- **Task requirements**: Starting at the line containing "Schmits Performance „Zyklus" and ending at the line containing "2018 Chrysler Pacifica", transcribe the listing below exactly. Keep both end lines, skip the pictures, and copy nothing else.
*** Opening Records to use ***
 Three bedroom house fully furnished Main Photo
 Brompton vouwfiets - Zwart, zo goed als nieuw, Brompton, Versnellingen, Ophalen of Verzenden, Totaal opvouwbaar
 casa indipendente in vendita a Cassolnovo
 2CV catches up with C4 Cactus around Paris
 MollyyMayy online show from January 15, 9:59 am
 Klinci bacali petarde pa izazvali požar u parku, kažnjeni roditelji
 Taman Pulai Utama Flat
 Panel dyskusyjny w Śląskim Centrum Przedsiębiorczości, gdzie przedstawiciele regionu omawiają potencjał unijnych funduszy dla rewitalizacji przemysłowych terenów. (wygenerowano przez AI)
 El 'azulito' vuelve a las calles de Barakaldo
*** Closing Records to use ***
*** Opening Records to use ***
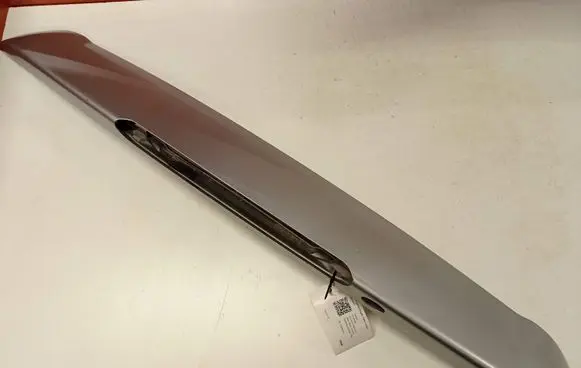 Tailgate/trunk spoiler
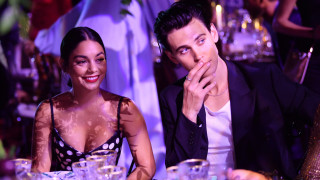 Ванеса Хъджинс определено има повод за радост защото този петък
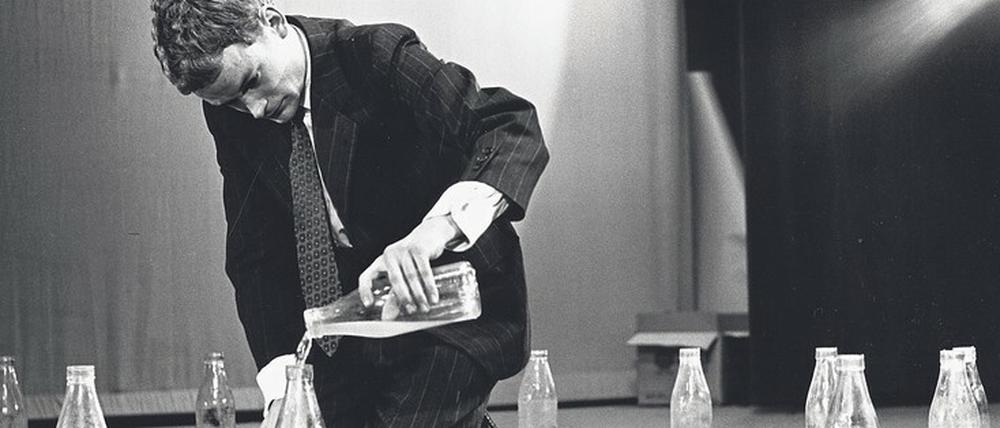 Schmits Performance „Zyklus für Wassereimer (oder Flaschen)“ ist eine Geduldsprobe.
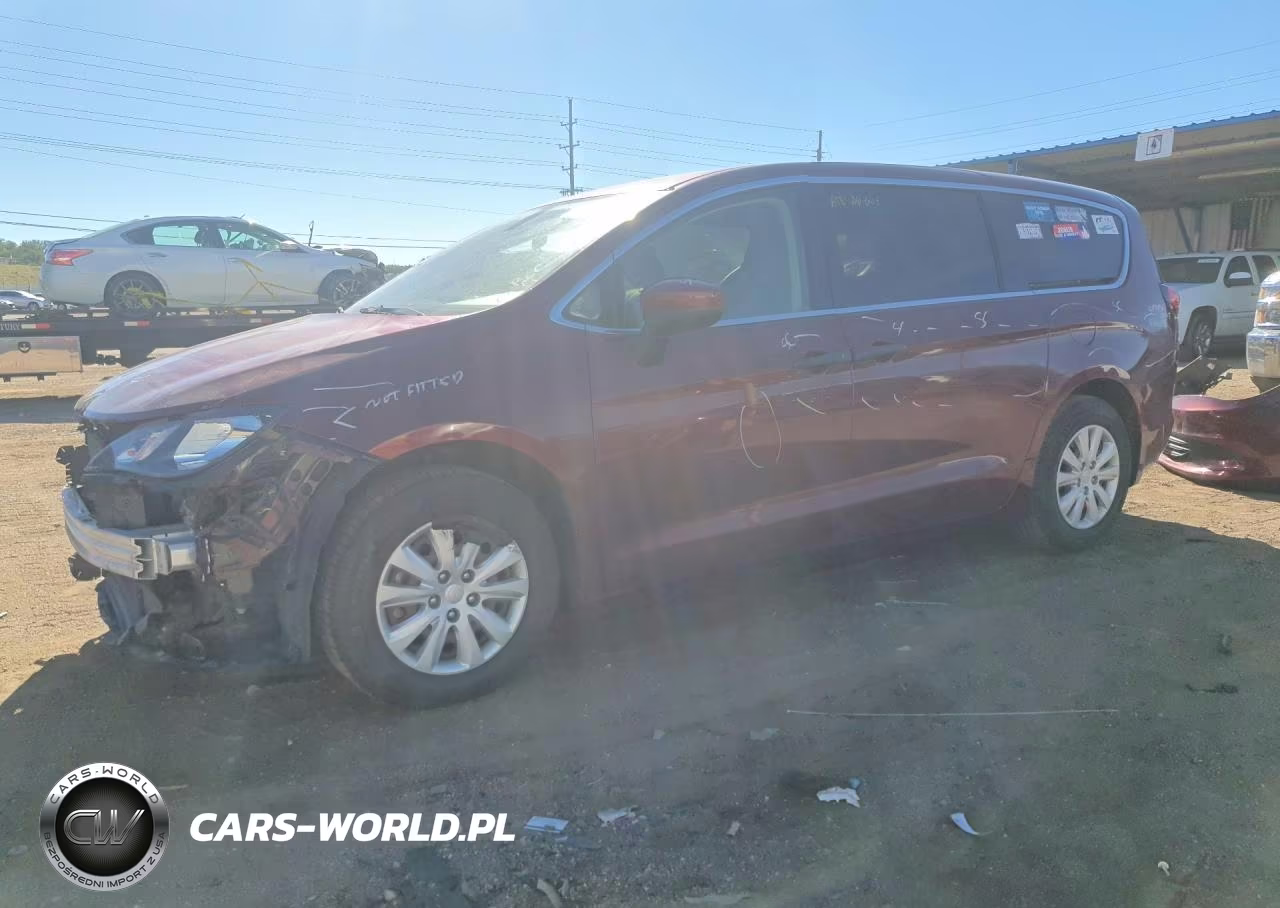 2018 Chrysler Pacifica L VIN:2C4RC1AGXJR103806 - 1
*** Closing Records to use ***
- **Finished task**:
 Schmits Performance „Zyklus für Wassereimer (oder Flaschen)“ ist eine Geduldsprobe.
 2018 Chrysler Pacifica L VIN:2C4RC1AGXJR103806 - 1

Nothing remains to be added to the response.